● SUPPLIED RECORDS:
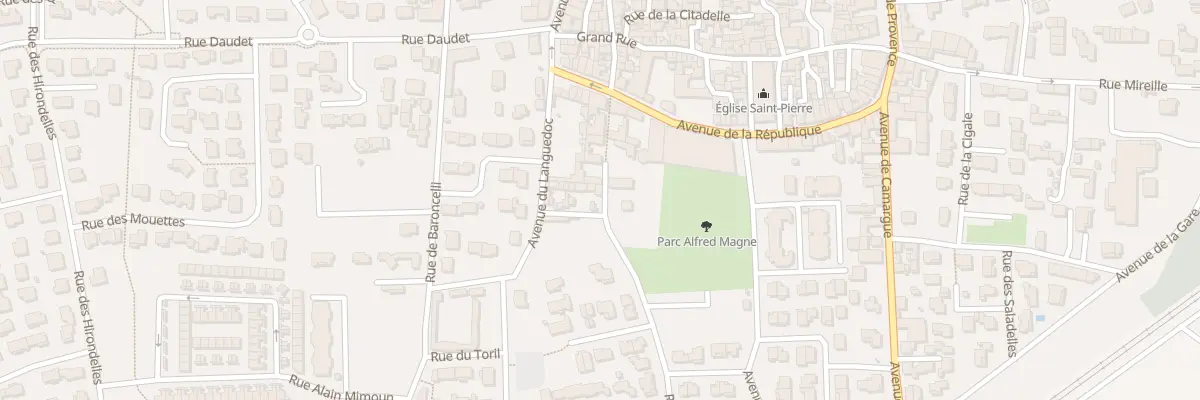 Plan du 10 Rue de la Méditerranée à Marguerittes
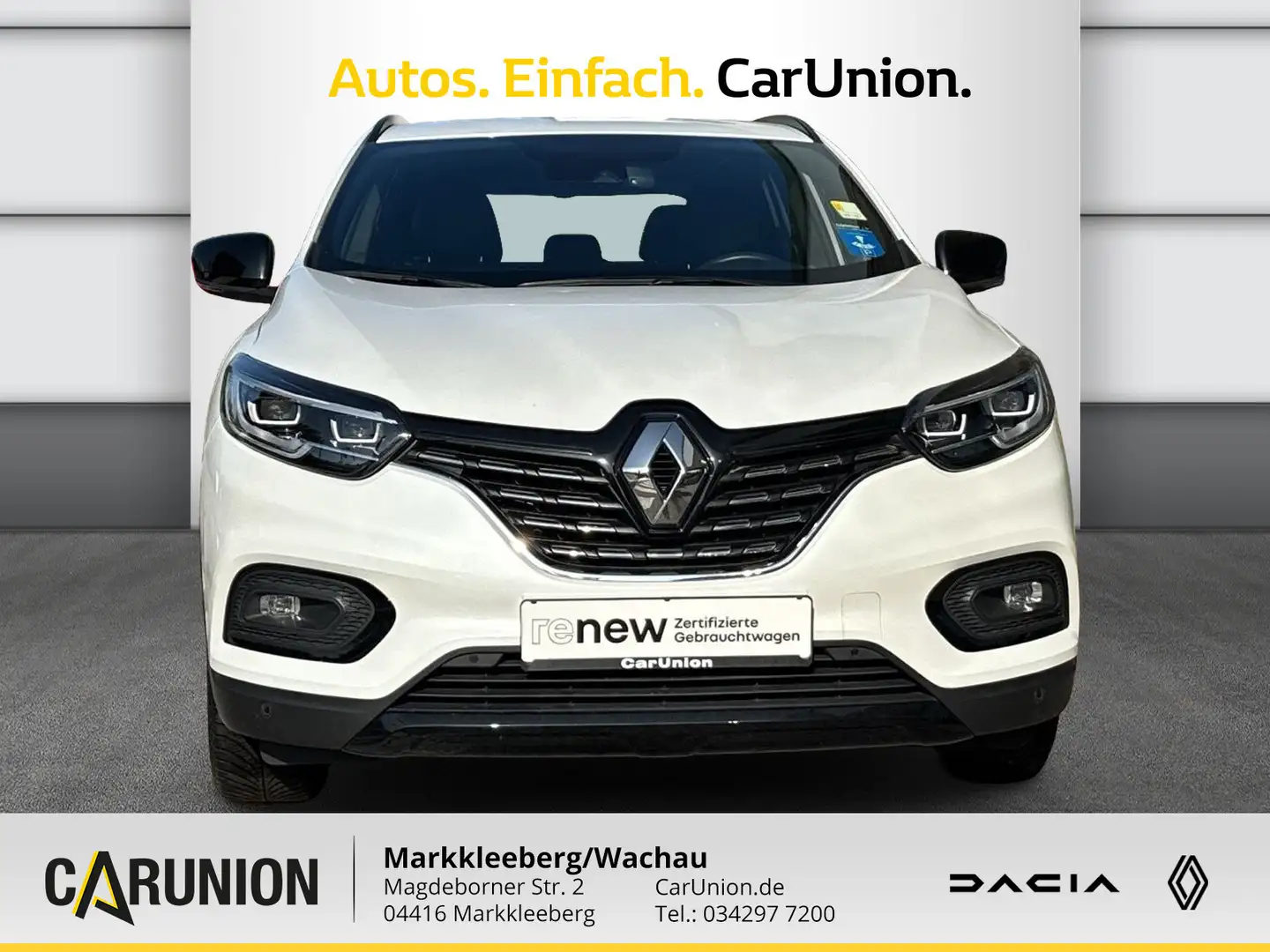 Renault Kadjar Black Edition TCE 140 Navi*Rückfahrkamera Wit - 2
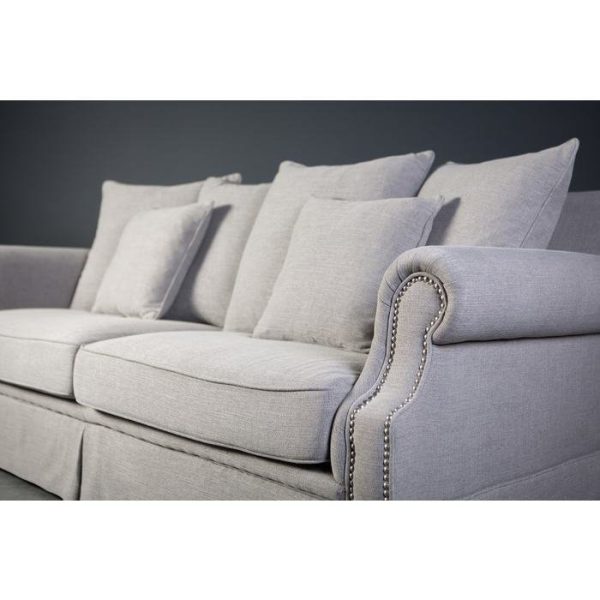 Диван Бурже декорированный латунными гвоздиками  — изображение 12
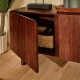 Meuble TV NYERO marron, detail ouvert
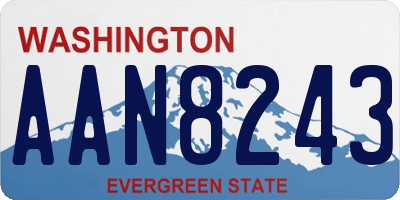 WA license plate AAN8243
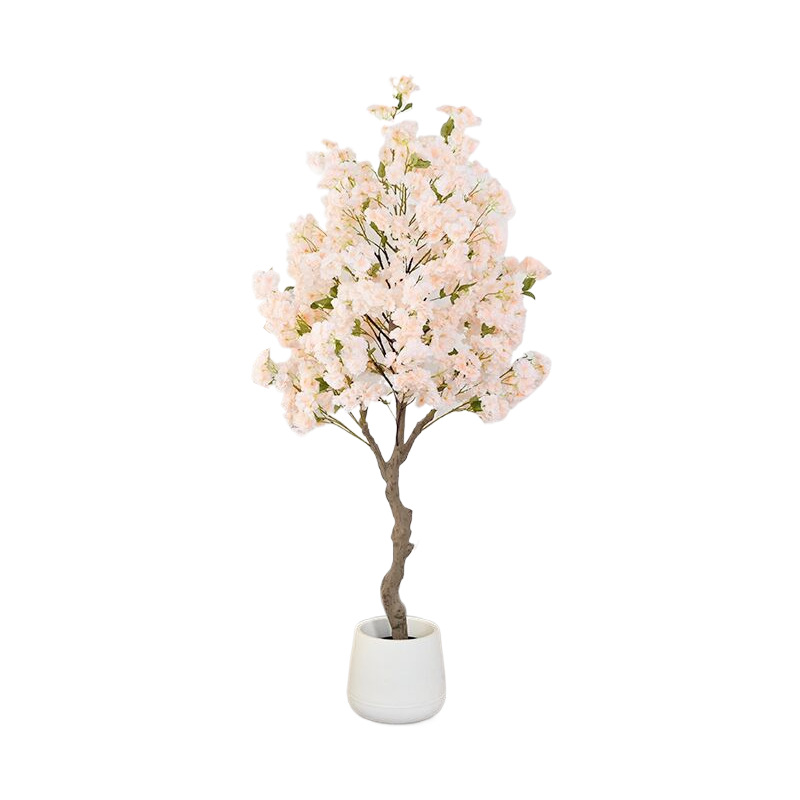 Simulación de árboles de cerezo en maceta decoración interior de ventanas de hotel paisajismo decoración de suelo diseño de boda árboles falsos flores simuladas
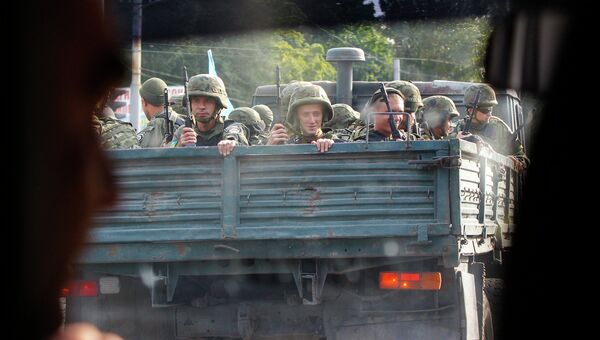 Украинские военные в Мариуполе Украинские военные в Мариуполе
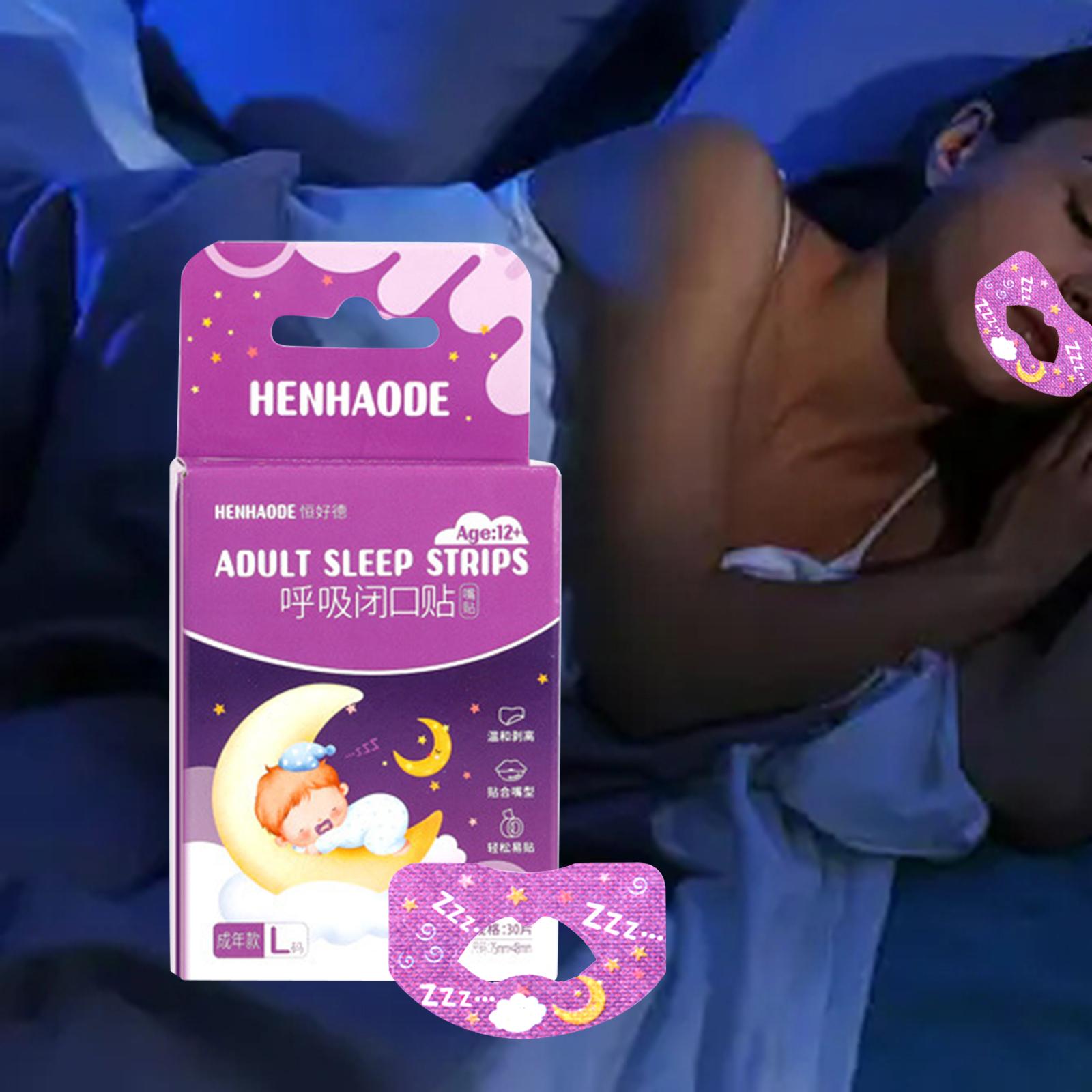 30 Pieces Mouth Tapes Breathable Improved Sleeping Snore Stopper Tape L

● AIM OF THE EXERCISE:
Take the material above from its first line through the line holding "WA license plate AAN8243" and set it down exactly, without the pictures.

● RESULT FOR THIS TASK:
 Plan du 10 Rue de la Méditerranée à Marguerittes
 Renault Kadjar Black Edition TCE 140 Navi*Rückfahrkamera Wit - 2
 Диван Бурже декорированный латунными гвоздиками  — изображение 12
 Meuble TV NYERO marron, detail ouvert
 WA license plate AAN8243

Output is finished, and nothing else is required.